The dataset was split into
- 70% train
- 30% test
It is noticed that the ranges of the features are not close, so MinMaxScaler is applied on the data.
We trained all the following machine learning algorithms:
-
Decision Tree Classifier
No hyperparameter tuning was done.
The metrics for Decision Tree are as the following:- Accuracy= 79.09
- Precision= 79.19
- Recall= 78.91
- F1 score= 79.05
- Specificity= 79.26
-
Naive Bayes
No hyperparameter tuning was done.
The metrics for Naive-Bayes are as the following:- Accuracy= 63.71
- Precision= 59.20
- Recall= 88.19
- F1 score= 70.84
- Specificity= 39.23
The poor performance for Naive-Bayes is because of the naive assumption that the features are independent, but the data description shows that the features are dependent and nearly extracted from each others.
-
K-Nearest Neighbors (KNN)
K-Fold Cross Validation was used to tune the value of K.
The metrics for KNN are as the following:- Accuracy= 81.58
- Precision= 77.90
- Recall= 88.19
- F1 score= 82.73
- Specificity= 74.98
-
AdaBoost Classifier
K-Fold Cross Validation was used to tune the value of n-estimators.

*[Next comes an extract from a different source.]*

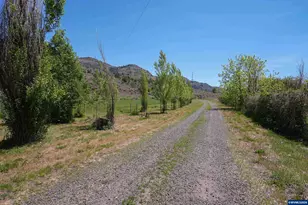 15682 Hwy 395, Lakeview, OR 97630 - Photo 3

The metrics for AdaBoost are as the following:- Accuracy= 81.93
- Precision= 81.79
- Recall= 82.15
- F1 score= 81.97
- Specificity= 81.70
-
Random Forest Classifier
K-Fold Cross Validation was used to tune the value of n-estimators.

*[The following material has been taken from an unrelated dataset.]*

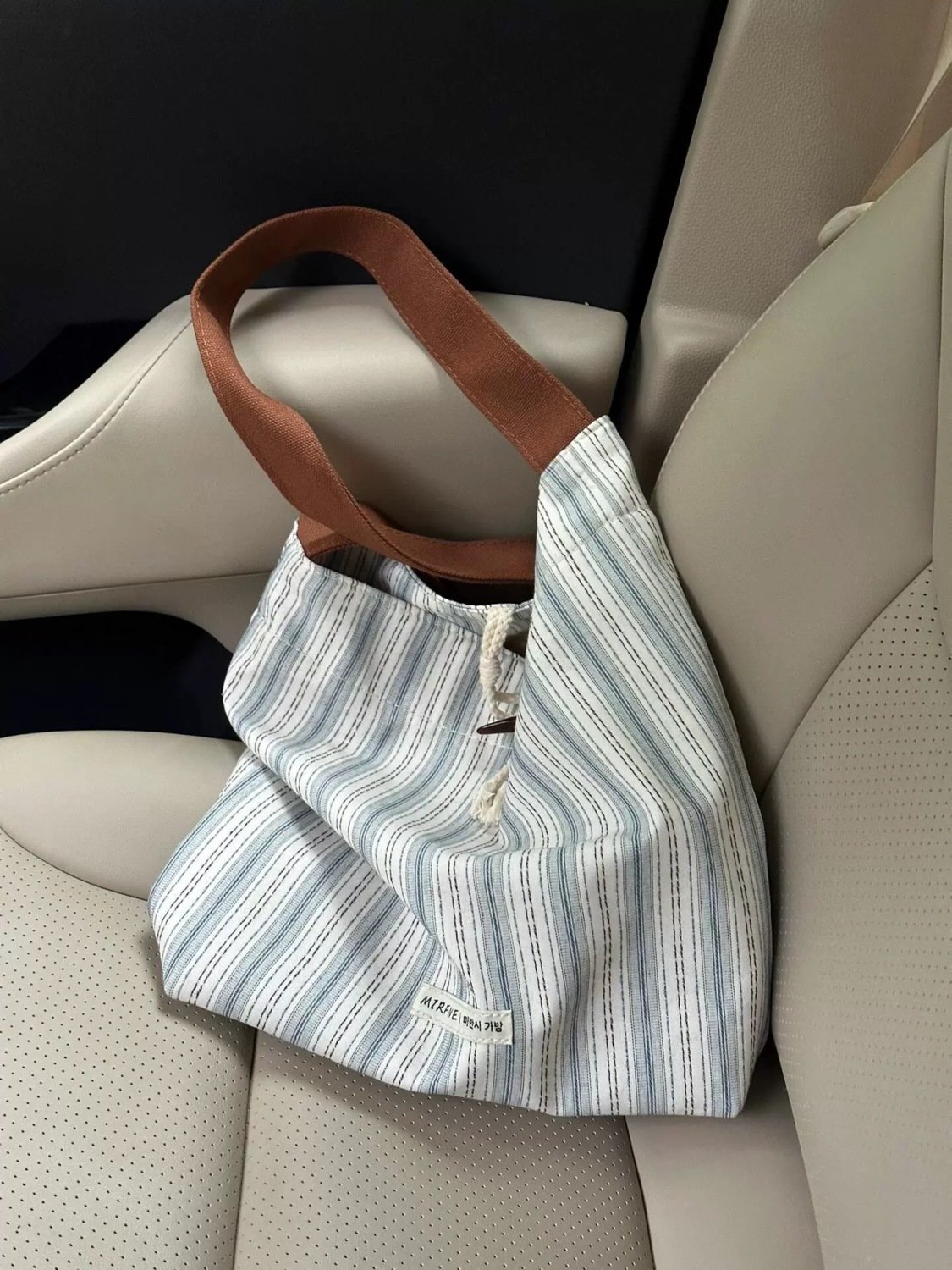 Korean-Style Striped Tote Bag for Women - Minimalist Large Capacity Color-Blocking Casual Canvas Commuter Bucket Bag Korean-Style Striped Tote Bag for Women - Minimalist Large Capacity Color-Blocking Casual Canvas Commuter Bucket Bag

The metrics for Random Forest are as the following:- Accuracy= 86.44
- Precision= 84.88
- Recall= 88.68
- F1 score= 86.74
- Specificity= 84.20
-
PyTorch Double Layer ANN
The architecture of the neural network is shown in the following block:
class BinaryClassification(nn.Module):
def __init__(self, neurons1, neurons2):
super(BinaryClassification, self).__init__()
self.layer_1 = nn.Linear(10, neurons1)
self.layer_2 = nn.Linear(neurons1, neurons2)

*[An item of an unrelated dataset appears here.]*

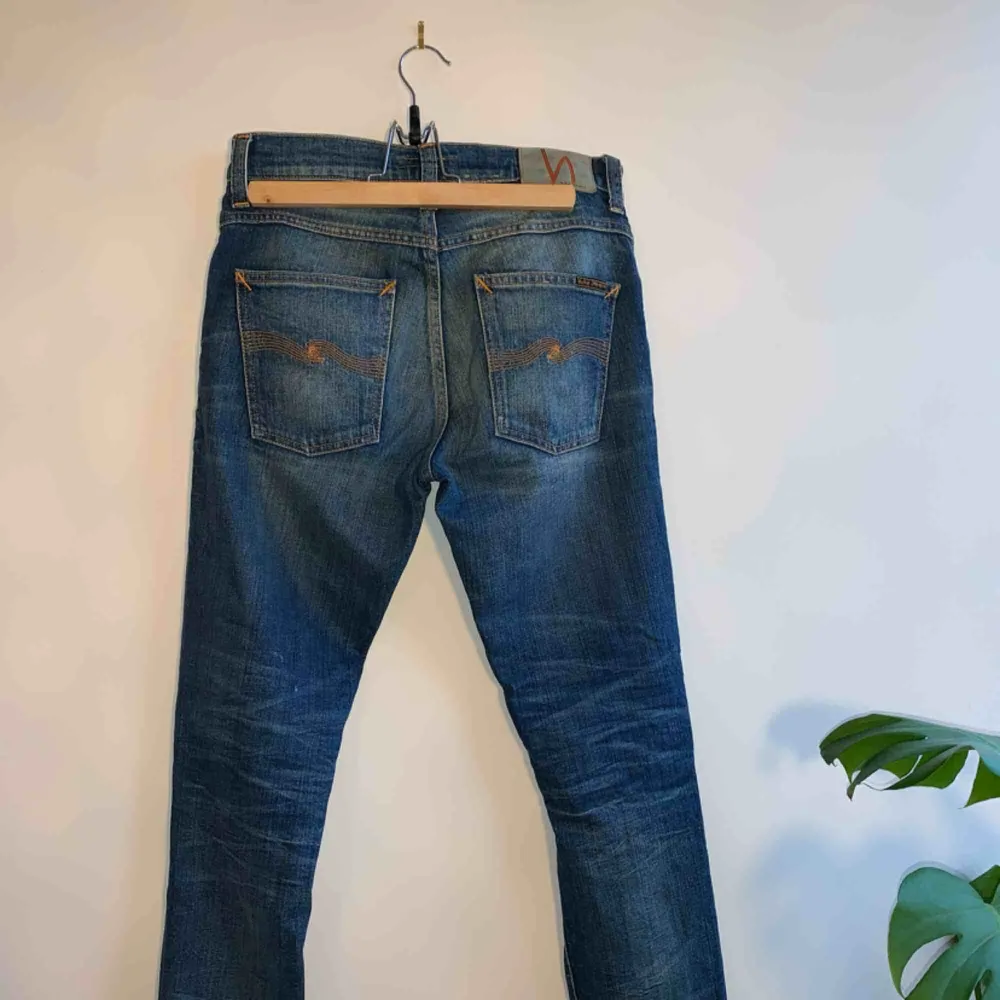 Aldrig använda kvalitet jeans från Nudie i storlek W28 L30. Inköpta för 1400kr i höstas, men kom aldrig till användning, tyvärr. Jeansen är unisex och passar både kvinnor och män. . Jeans & Byxor.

self.layer_out = nn.Linear(neurons2, 1)
self.relu = nn.ReLU()
self.dropout = nn.Dropout(p=0.1)
self.batchnorm1 = nn.BatchNorm1d(neurons1)
self.batchnorm2 = nn.BatchNorm1d(neurons2)
def forward(self, inputs):
x = self.relu(self.layer_1(inputs))
x = self.batchnorm1(x)
x = self.relu(self.layer_2(x))
x = self.batchnorm2(x)
x = self.dropout(x)
x = self.layer_out(x)
return x
K-Fold Cross Validation is used to tune the number of neurons in the first hidden layer and the second hidden layer.
The metrics for Random Forest are as the following:
- Accuracy= 85.74
- Precision= 89.27
- Recall= 81.26
- F1 score= 85.08
- Specificity= 90.23